Und noch jemand stand unter Schock: Helmut Griem. Er hatte einen Hänger. Totale Irritation. Er wusste nicht, wie er reagieren sollte. Im Publikum erst Starre, dann Lacher. Griem war außer sich wegen dieser maßlosen Dämlichkeit. Aber er fing sich nach ein paar Sekunden wieder, es blieb ihm ja auch gar nichts anderes übrig. Er baute seine persönliche Wut in die Rede ein und schmetterte den Rest als Kanonade in Richtung Publikum. Szenenapplaus! Es folgte unser planmäßiges Jubelgeschrei.

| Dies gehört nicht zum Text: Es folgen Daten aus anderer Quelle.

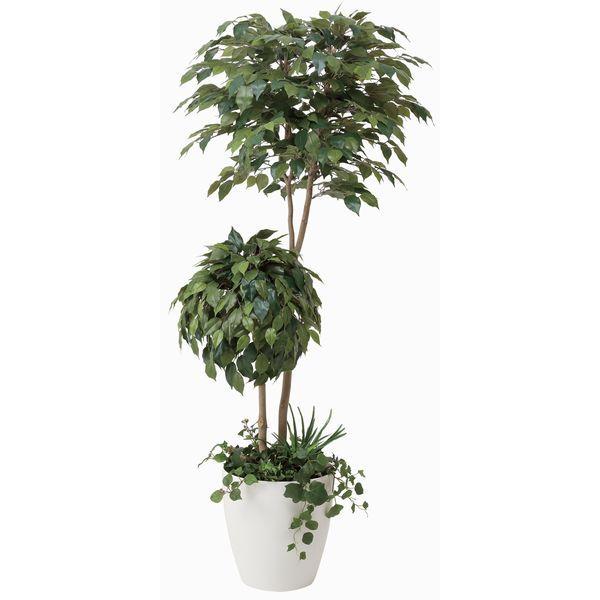 安心の定価販売 造花 観葉植物 光触媒 インテリアグリーン 鉢植え ベンジャミンw フェイス 180cm 楽天 Www Maxipiso Com Ar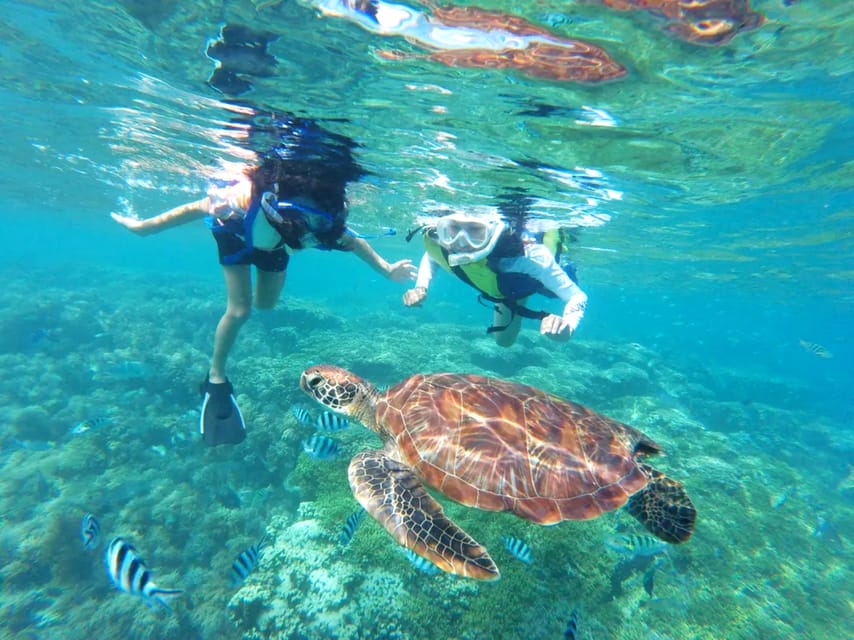 Honolulu, Oahu: Waikiki Turtle Snorkel Tour w/Shuttle Option - The 3-Hour Rhythm: How This Snorkel Trip Actually Feels
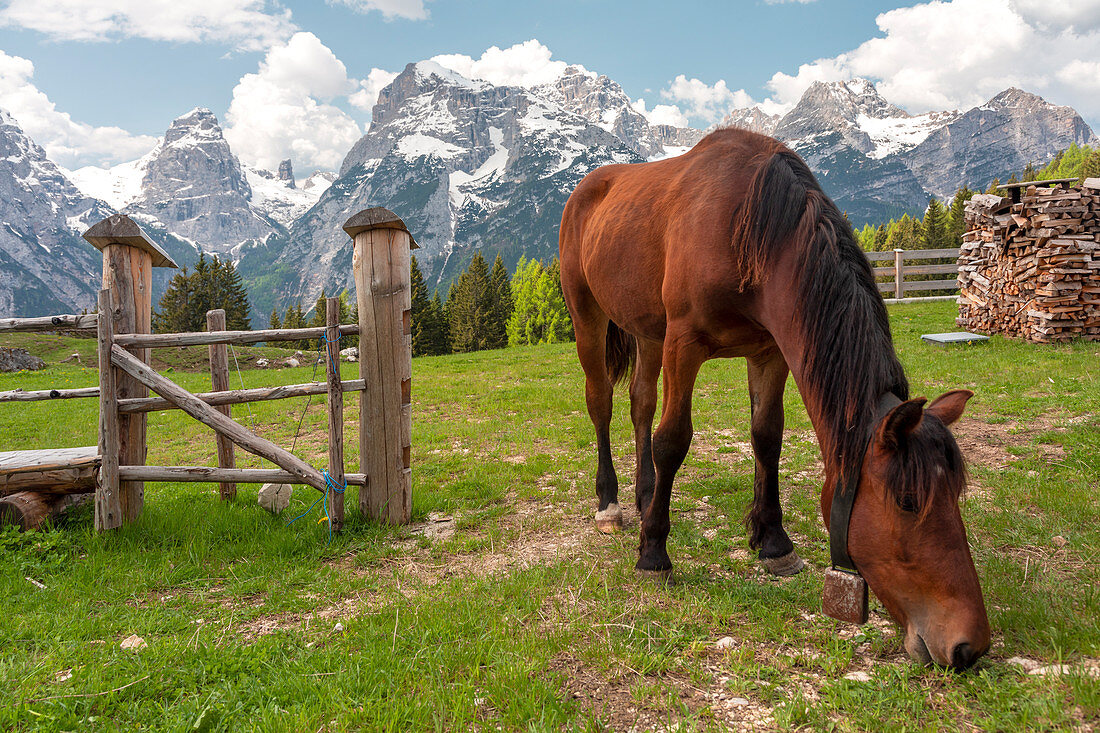 free horse grazing near malga maraia, auronzo di cadore,belluno,veneto,italy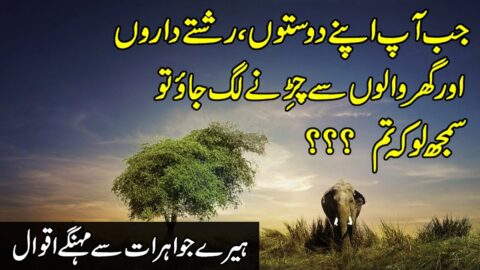 Quotes | Quotes About Love | Urdu Quotes | Urdu Captions | Best Hindi Quotes Status |Sad Love Quotes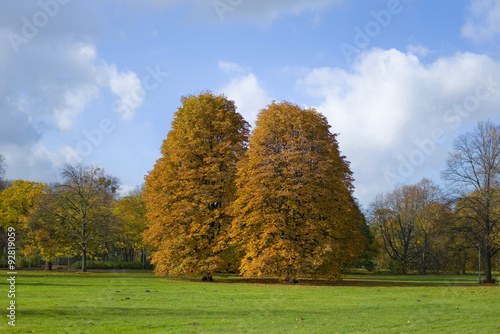 Georgengarten im Herbst, Hannover, Niedersachsen, Deutschland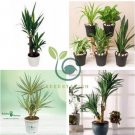 Bonsai Tree Yucca Bonsai 100 Seeds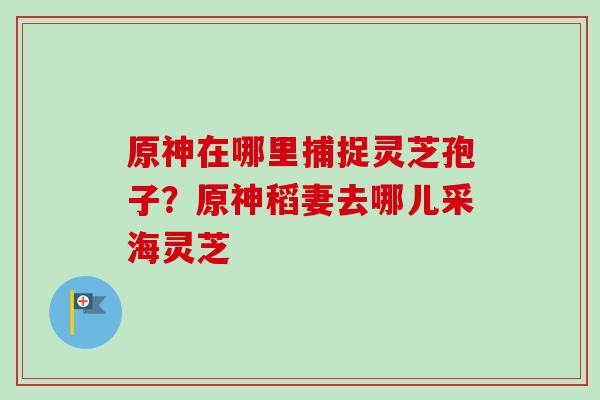 原神在哪里捕捉灵芝孢子？原神稻妻去哪儿采海灵芝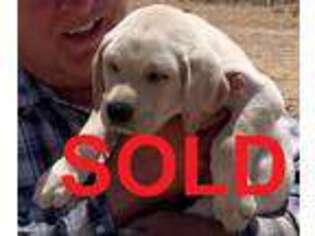 Labrador Retriever Puppy for sale in Newberry Springs, CA, USA
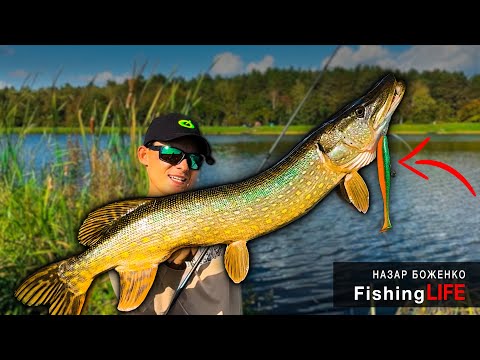 First Autumn Real Trophies - Lures For Big Pike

Ab sofort wurde das Tischtennisspielen strikt verboten.
»Welcher Idiot war das?«
Keiner verriet den Schuldigen. Einer für alle, alle für einen, wie es sich für eine richtige Räuberbande gehört. Doch intern wurde dieser Schlamassel dem Pechvogel noch lange unter die Nase gerieben. Ironische Bemerkungen bei jeder Vorstellung. Helmut Griem hatte sicher irgendwie herausbekommen, wer der Schuldige war, aber er verschonte ihn. Der Intendant Helmut Henrichs setzte für alle eine Ordnungsstrafe fest: zehn Mark. Sie wurde mit der nächsten Gage einbehalten.